Aborder de façon frontale, l’expérience du mouvement serpentant dans l’intériorité d’un corps, c’est prendre le risque de la controverse de la part des personnes non averties. Notamment lorsqu’aucune théorie scientifique, n’est en mesure d’expliquer la présence d’un mouvement interne qui anime la chair. Cependant, la philosophie donne des pistes prometteuses de compréhension offrant un terreau dans lequel il est encore possible de semer des graines aventurières et audacieuses.
Habituellement, la notion de mouvement est assimilée à un déplacement objectif dans l’espace mis en jeu par tout un substratum anatomique, physiologique et fonctionnel bien connu. Si la physiologie et la neurophysiologie du déplacement objectif dans l’espace sont des phénomènes largement étudiés sur le plan scientifique, l’expérience subjective du mouvement l’a beaucoup moins été car elle implique la notion de conscience perceptive sans laquelle la saisie de la texture invisible par le biais de la sensation corporelle n’est pas permise.

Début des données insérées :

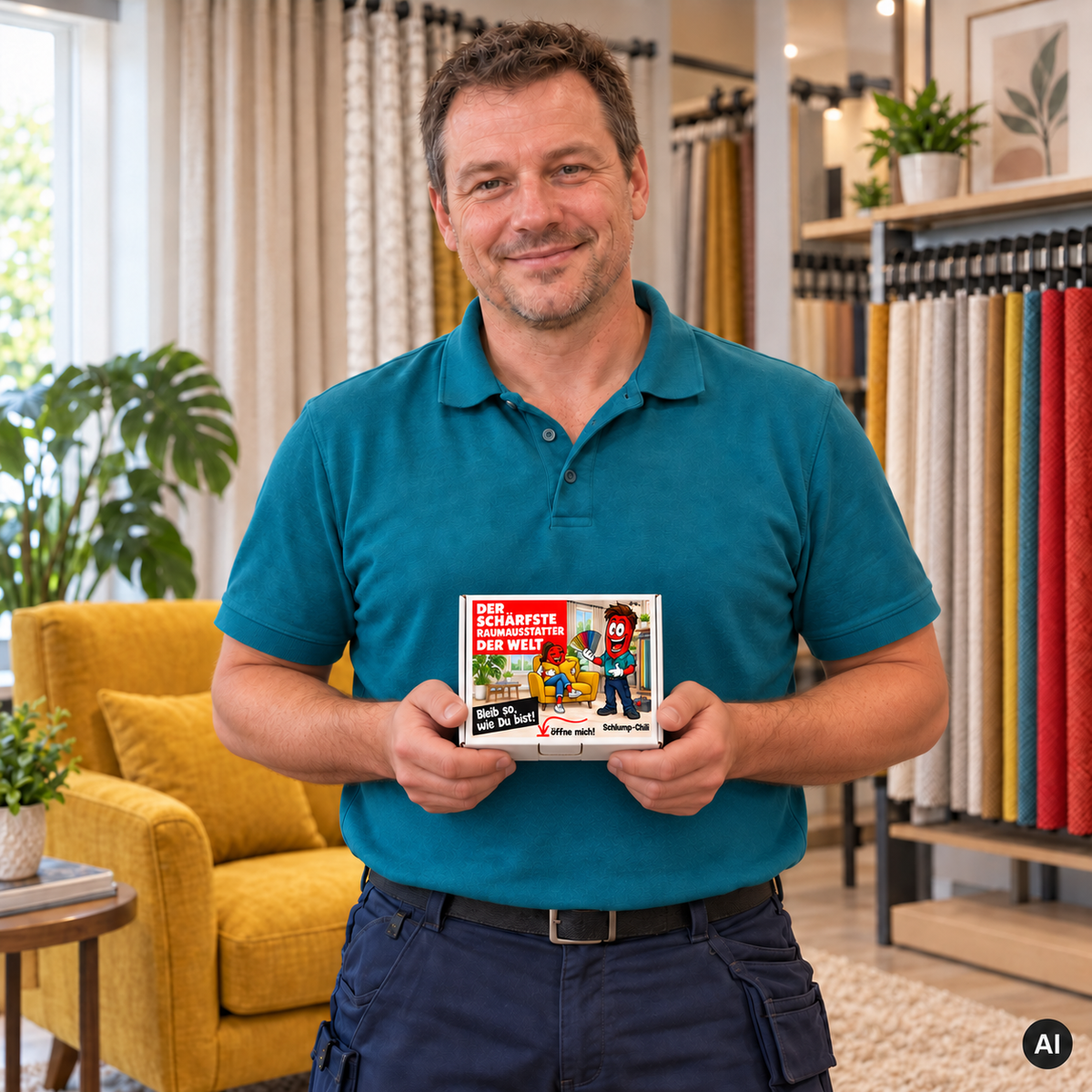 Der schärfste Raumausstatter der Welt – Lifestyle mit kleiner A6-Geschenkbox, AI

Je me suis bien sûr intéressé aux structures et fonctions du corps en mouvement dans leur dimension à la fois objective et subjective, donnant lieu à la création de la biomécanique sensorielle et de la gymnastique sensorielle.
La gymnastique sensorielle aborde le palpable (la forme extérieure, objective du mouvement) et l’impalpable (le vécu, le ressenti, l’intériorité du geste) qui recrute les ressources de l’être profond rassemblées dans un acte total de présence à soi. Dans ce contexte, le terme sentir désigne une sorte de vue intérieure par laquelle l’individu perçoit ce qui se passe en lui même. La perception dont il est question dans cette pratique gestuelle est dévouée aux phénomènes subjectifs qui se donnent dans la mouvement objectif. Cela implique de s’élever au dessus d’un mode de perception habituel.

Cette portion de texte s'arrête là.